An article published in Nature Ecology and Evolution has found that tropical islands infested with non-native rats have changed the ecology of the reefs around them. No surprise there then, and yet another story of how invasives can wreck native flora and fauna. But in this study, the researchers found that there was actually less nutrient runoff in islands infested with rats, and it’s all to do with the effect the rats have on birds.
In a previous paper, published in the Journal Nature in 2018, a study was carried out in the Chagos Archipelago, in which some islands are rat-infested and others are rat-free. In islands infested with the Black Rat, seabird populations had been decimated, and with fewer birds came less guano, a key nutrient that enhanced both terrestrial and aquatic flora. In islands with seabirds but no rats, nitrogen deposition rates were 251 times higher, building soils, and nurturing shrubs, while also running off the islands and feeding algae and filter-feeding sponges on adjacent coral reefs.

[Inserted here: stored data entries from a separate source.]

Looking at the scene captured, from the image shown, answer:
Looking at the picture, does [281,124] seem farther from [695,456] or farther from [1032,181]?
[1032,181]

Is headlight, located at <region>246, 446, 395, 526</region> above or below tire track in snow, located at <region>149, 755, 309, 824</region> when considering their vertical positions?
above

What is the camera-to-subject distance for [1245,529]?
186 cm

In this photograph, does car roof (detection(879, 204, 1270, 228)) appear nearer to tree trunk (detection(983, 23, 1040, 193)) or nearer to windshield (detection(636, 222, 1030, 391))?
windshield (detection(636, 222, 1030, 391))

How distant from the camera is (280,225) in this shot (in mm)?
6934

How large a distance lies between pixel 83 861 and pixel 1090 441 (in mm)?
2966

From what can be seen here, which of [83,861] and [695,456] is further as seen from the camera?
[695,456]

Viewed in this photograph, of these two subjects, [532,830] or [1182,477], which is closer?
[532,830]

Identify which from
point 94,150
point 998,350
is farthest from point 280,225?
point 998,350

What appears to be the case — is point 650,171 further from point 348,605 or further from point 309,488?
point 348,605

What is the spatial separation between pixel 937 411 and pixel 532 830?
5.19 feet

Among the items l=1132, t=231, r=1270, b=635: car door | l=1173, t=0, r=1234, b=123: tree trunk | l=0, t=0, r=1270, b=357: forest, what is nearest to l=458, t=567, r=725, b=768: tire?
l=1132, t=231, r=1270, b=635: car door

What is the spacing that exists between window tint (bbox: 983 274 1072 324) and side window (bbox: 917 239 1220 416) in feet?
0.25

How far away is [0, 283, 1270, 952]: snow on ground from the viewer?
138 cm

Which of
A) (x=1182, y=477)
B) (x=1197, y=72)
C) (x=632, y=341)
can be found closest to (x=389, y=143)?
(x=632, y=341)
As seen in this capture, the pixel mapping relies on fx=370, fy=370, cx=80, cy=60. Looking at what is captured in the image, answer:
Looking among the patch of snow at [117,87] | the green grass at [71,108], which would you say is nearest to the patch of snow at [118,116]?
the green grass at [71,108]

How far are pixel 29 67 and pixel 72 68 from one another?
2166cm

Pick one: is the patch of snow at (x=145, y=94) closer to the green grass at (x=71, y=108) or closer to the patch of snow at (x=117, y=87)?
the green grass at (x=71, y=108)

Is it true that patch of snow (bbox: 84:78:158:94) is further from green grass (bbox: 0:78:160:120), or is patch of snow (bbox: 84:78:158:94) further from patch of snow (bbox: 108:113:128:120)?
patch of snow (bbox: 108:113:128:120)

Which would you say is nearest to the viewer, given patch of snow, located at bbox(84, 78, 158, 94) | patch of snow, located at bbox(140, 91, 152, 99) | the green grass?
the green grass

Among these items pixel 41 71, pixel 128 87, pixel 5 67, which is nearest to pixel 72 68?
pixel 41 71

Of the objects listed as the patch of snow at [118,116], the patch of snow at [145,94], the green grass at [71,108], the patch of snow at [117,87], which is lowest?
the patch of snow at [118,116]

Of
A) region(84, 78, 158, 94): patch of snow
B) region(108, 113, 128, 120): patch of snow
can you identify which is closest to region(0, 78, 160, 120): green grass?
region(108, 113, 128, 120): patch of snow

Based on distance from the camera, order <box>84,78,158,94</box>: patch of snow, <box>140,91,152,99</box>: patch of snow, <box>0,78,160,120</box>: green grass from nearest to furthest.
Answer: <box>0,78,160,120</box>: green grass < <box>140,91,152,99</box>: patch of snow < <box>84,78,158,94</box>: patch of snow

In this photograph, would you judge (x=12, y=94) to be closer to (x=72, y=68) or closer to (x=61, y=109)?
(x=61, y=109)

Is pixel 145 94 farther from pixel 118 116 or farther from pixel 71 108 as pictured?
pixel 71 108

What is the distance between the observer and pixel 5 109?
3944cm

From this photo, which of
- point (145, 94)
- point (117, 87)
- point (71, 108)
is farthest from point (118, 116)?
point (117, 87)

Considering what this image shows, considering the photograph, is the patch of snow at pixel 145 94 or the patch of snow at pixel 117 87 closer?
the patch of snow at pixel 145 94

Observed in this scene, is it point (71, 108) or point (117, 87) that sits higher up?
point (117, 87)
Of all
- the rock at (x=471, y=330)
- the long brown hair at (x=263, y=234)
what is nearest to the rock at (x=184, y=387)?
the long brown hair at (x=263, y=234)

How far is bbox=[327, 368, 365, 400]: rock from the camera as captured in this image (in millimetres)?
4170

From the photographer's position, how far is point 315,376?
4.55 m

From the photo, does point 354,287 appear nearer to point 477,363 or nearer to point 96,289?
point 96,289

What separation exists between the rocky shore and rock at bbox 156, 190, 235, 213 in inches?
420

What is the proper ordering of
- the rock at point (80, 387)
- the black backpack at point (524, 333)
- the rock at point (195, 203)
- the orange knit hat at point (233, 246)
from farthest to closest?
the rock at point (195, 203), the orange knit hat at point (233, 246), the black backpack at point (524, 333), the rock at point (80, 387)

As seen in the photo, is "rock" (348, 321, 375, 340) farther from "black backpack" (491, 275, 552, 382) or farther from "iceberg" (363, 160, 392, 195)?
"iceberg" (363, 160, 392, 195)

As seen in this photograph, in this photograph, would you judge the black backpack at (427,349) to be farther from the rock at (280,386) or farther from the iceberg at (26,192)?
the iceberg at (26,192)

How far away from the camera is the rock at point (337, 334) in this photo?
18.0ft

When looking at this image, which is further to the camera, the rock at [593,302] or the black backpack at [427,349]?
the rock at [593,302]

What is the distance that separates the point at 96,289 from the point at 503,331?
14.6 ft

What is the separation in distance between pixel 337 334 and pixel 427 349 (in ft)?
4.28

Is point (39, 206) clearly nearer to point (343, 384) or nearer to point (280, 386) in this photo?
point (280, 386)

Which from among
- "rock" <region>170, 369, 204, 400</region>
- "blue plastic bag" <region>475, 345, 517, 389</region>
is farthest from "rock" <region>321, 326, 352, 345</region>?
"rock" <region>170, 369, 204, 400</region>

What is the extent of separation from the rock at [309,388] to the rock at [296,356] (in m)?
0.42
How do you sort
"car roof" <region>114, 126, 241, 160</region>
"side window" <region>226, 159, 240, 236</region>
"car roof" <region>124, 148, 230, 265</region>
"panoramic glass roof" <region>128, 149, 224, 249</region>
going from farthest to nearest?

In the case of the herbivorous damselfish, Plectroglyphidodon lacrymatus, the natural nutrient injection proved beneficial to them, fertilizing the algae on which they feed, enabling them to grow faster, while also supporting more individuals in a given area.
Now going back to the latest paper, further studies carried out by scientists at Lancaster University, UK, Lakehead University, Canada, and led by Rachel L Gunn, placed GoPro underwater cameras in 60 locations to study the damselfish behavior around islands with and without Black Rats. Around the islands with rats, less lush algae grew for the damselfish to farm, causing them to have larger territories, with fewer individuals, and it was also less worth fighting for. The knock-on effect of the rats was making damselfish less aggressive, and negatively affecting fish populations and the marine ecosystem as a whole.
The Chagos Islands are in the Indian Ocean and have been invaded by black rats since the 1700s. Rats can now be found on 34 of the 55 islands of the archipelago, according to The New Scientist, and populations of boobies, frigatebirds, noddies, and shearwaters have been decimated.